**YOUR GOAL:**
Reproduce the data, keeping every word exactly as it is.

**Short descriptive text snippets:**

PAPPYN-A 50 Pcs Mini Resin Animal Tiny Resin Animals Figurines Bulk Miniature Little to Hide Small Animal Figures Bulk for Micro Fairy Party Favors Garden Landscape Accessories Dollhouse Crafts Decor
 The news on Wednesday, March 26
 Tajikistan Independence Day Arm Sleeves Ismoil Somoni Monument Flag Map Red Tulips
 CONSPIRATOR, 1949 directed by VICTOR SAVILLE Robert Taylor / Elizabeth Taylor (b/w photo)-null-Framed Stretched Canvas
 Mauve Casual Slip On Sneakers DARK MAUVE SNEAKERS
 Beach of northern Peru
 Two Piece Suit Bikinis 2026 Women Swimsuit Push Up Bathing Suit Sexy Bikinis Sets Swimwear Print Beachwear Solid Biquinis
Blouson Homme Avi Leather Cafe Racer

**EXERCISE RESULT:**
PAPPYN-A 50 Pcs Mini Resin Animal Tiny Resin Animals Figurines Bulk Miniature Little to Hide Small Animal Figures Bulk for Micro Fairy Party Favors Garden Landscape Accessories Dollhouse Crafts Decor
 The news on Wednesday, March 26
 Tajikistan Independence Day Arm Sleeves Ismoil Somoni Monument Flag Map Red Tulips
 CONSPIRATOR, 1949 directed by VICTOR SAVILLE Robert Taylor / Elizabeth Taylor (b/w photo)-null-Framed Stretched Canvas
 Mauve Casual Slip On Sneakers DARK MAUVE SNEAKERS
 Beach of northern Peru
 Two Piece Suit Bikinis 2026 Women Swimsuit Push Up Bathing Suit Sexy Bikinis Sets Swimwear Print Beachwear Solid Biquinis
Blouson Homme Avi Leather Cafe Racer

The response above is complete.